Durante alguns meses o ministro da Justiça ficou ausente dos holofotes para submeter-se a tratamento de saúde, em S. Paulo. Recuperado da enfermidade, mostrando boa forma e bom aspecto pessoal, sem abandonar a vocação pela oratória, não deixa passar em branco a oportunidade de se manifestar publicamente sobre os valores morais do ex-presidente Lula, fingindo ignorar as inabaláveis indicações que colocaram seu ídolo no centro da roda, certamente convencido de que, realmente, o ex-presidente é a “alma mais honesta do Brasil”, embora essa sátira não possa ser levada a sério porque o cabotinismo marca grande parte de seus discursos. É tamanha sua admiração por Lula que permaneceu em silêncio quando deveria se pronunciar como ministro da Justiça contra a censura que o ex-presidente lhe dirigiu irritado por algumas vezes pelo fato de omitir-se do controle da Polícia Federal a partir do desdobramento das investigações da operação Lava Jato, quando começaram a minar dúvidas de sua lisura, através dos sinais de ser dono de fato de imóvel no litoral e interior paulista, acenando de sua condição de beneficiário para proprietário, quiçá agraciado pela generosidade de amigos.
Era o momento de o ministro da Justiça vir a público explicar que nenhuma autoridade detém o poder de impedir que a polícia judiciária federal e a dos Estados-Membros deixem de instaurar investigações contra qualquer pessoa suspeita de haver praticado ilícito penal. Essa autonomia é interpretada como garantia imanente da polícia judiciária abrir investigação e concluí-la sem a interferência de ninguém. Fosse possível o seu controle da forma como desejou o ex-presidente (que a investigação não chegasse até a ele e família), seria o mesmo que imunizar e separar os poderosos contra sua incursão, com formidável retrocesso ao tempo da zagaia, no qual delegados de polícia de municípios pequenos sofriam a deletéria influência de prefeitos contrariados pelo método de atuação, ao ponto de a história da Polícia Civil lembrar episódios de remoção de alguns de seus pares por influência política.
No entanto, a bajulação prossegue.
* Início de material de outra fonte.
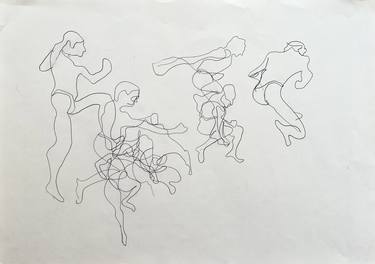 Original Abstract Men Drawings by George Oates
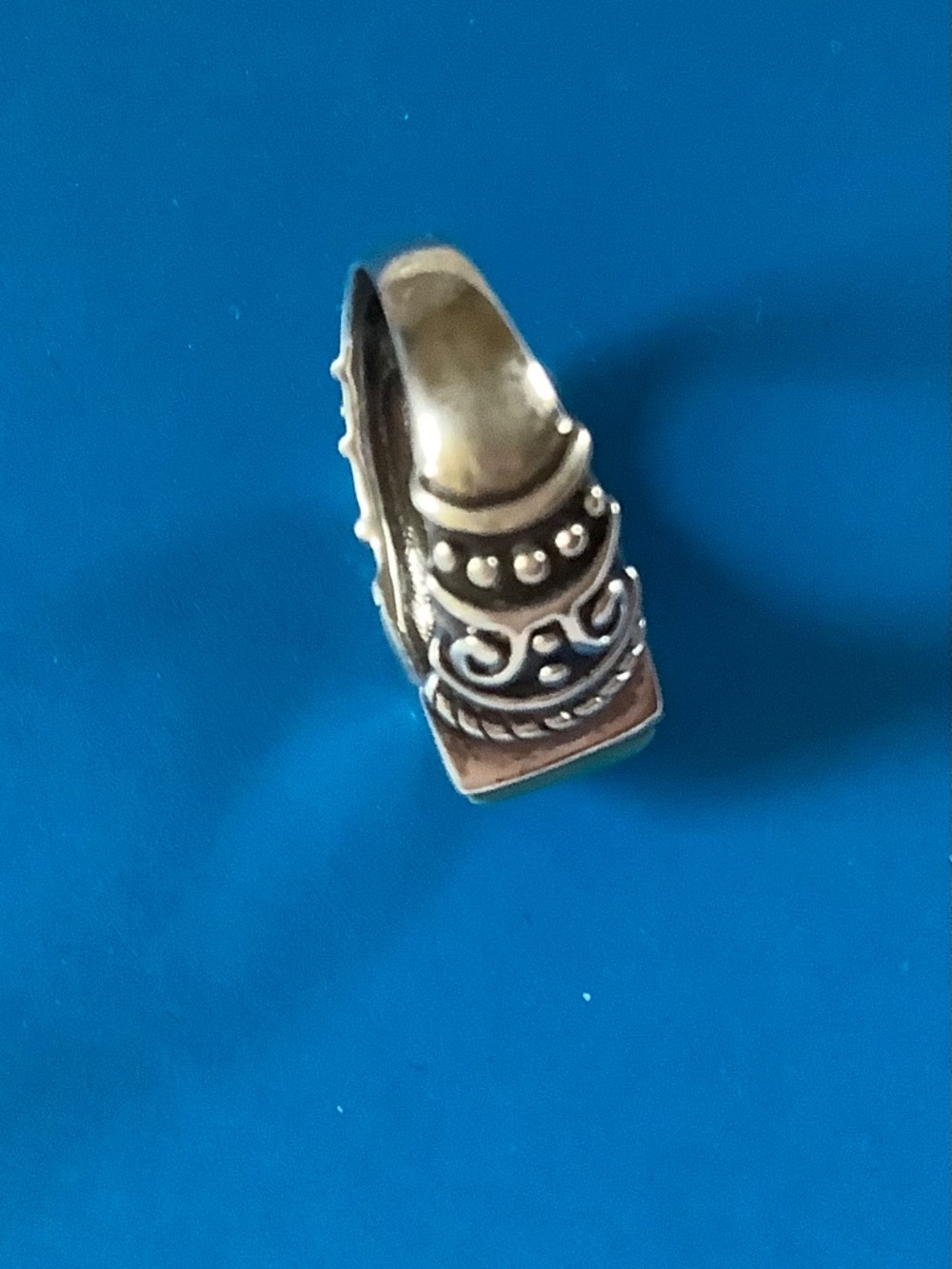 925 Sterling Silver Vintage Turquoise Western Ring SZ 8 - Picture 12 of 16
Na última quarta-feira, o ministro da Justiça concedeu uma longa entrevista a um periódico da imprensa paulistana exclusivamente para defender o ex-presidente das últimas notícias que ampliam as suspeitas sobre fatos penais comprometedores de sua conduta e do filho primogênito, justificando que falava como cidadão e não como ministro, olvidando-se que o cidadão pode ser ministro de Estado, porém, o ministro de Estado não deve se comportar como cidadão porque está adstrito as normas legais que delimitam sua atuação pública (CR. art.87 e Dec.lei 200/67).